The aforementioned Catholic school of my teenage past was a vacuum for identity. Blazers were mandatory. Ties had to restrict breathing, otherwise it was a dress code violation (and punishable by death). There was no nail polish, no hair dye, and absolutely no means of self-expression that could offend the Vatican, or worse, ‘present the school in a bad light’. Naturally, the only creative outlet left was coordinating the colour of my braces to the upcoming holiday season. Red for Valentine’s Day; Green for St. Patrick’s Day....

This continued until one fateful Christmas Eve. Reclined all the way back in the orthodontist chair, the blood rushed to my head like a champagne nightcap, and under a woozy spell of seasonal festivity, I selected an alternating pattern of red and green bands. 

Red, green, red, green, red. 

Little did I foresee that I would be grinning ear-to-ear like a Christmas tree in my school picture come January. At my mother’s insistence, this relic of seasons past takes pride of place on the living room mantle. Deep down, I think she sees it as a token of her love and success as a parent. Sometimes love can be suffocating though, like a tight retainer. 

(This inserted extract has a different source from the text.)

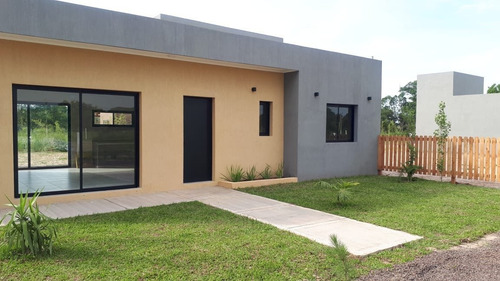 Imagen 23 de 26 de Casa 2 Dormitorios En La Laguna De Los Alamos, Puerto Tirol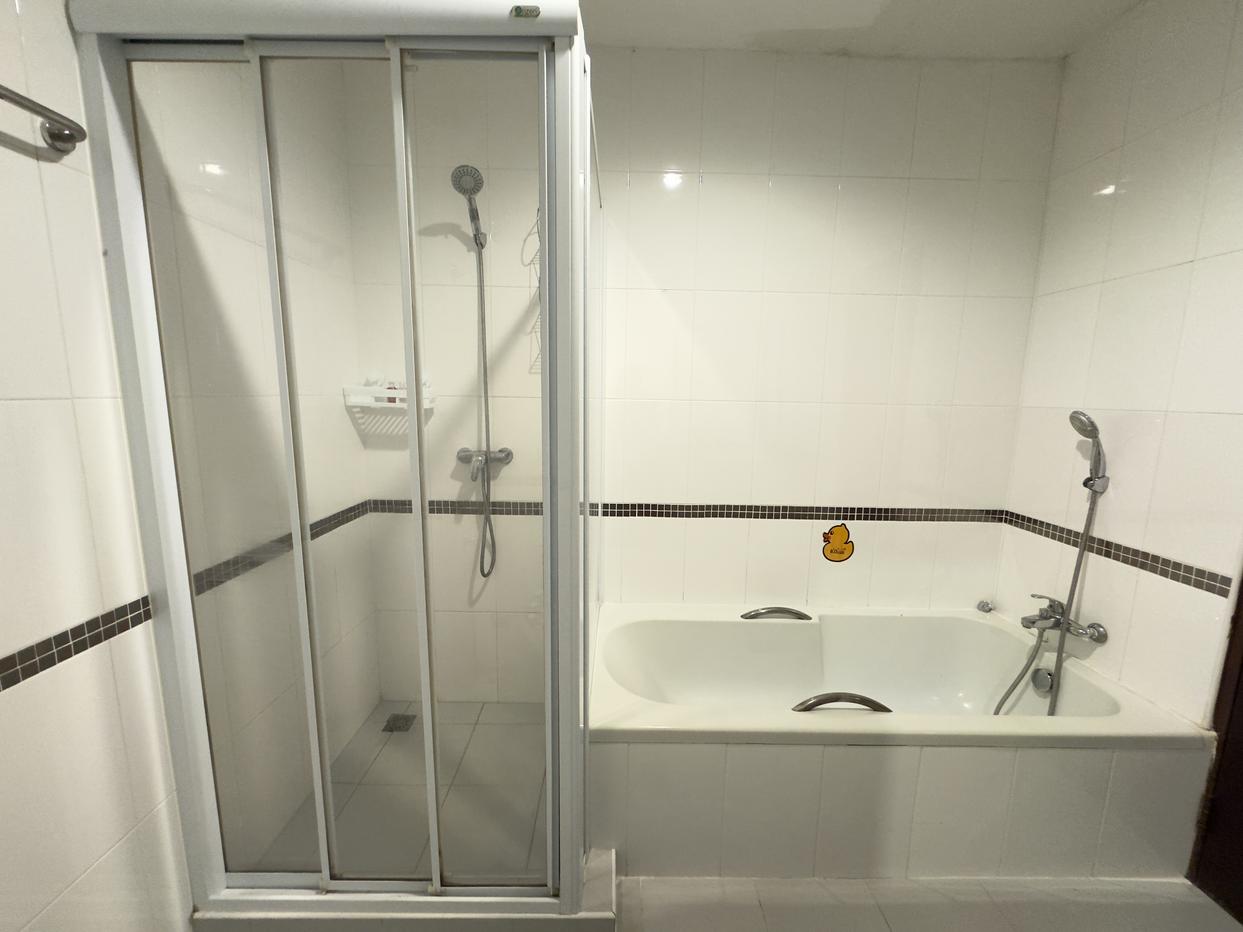 รูป 1 Bedroom Condo for Sale at Platinum Suites in Thepprasit Pattaya - รูปที่ 15/19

Wearing my retainer is how I learned to articulate love. As I'm nodding off to sleep, my mum's voice intrudes into my dreams. "Your teeth will move back" she tuts, as my hands clutches instinctively for the iridescent case on the nightstand of my teenage room. Eventually my adult surroundings blur into focus, and I blindly traipse the length of my New York apartment for the stowaway in the bathroom cabinet. 

For a second I catch my reflection in the mirror; crusted dobs of Clearasil freckled across my face. Shutting the light off for the second time — retainer snug against my teeth — I’m flooded with teenage discomfort, and the realisation that we never really leave behind the pain of growing up.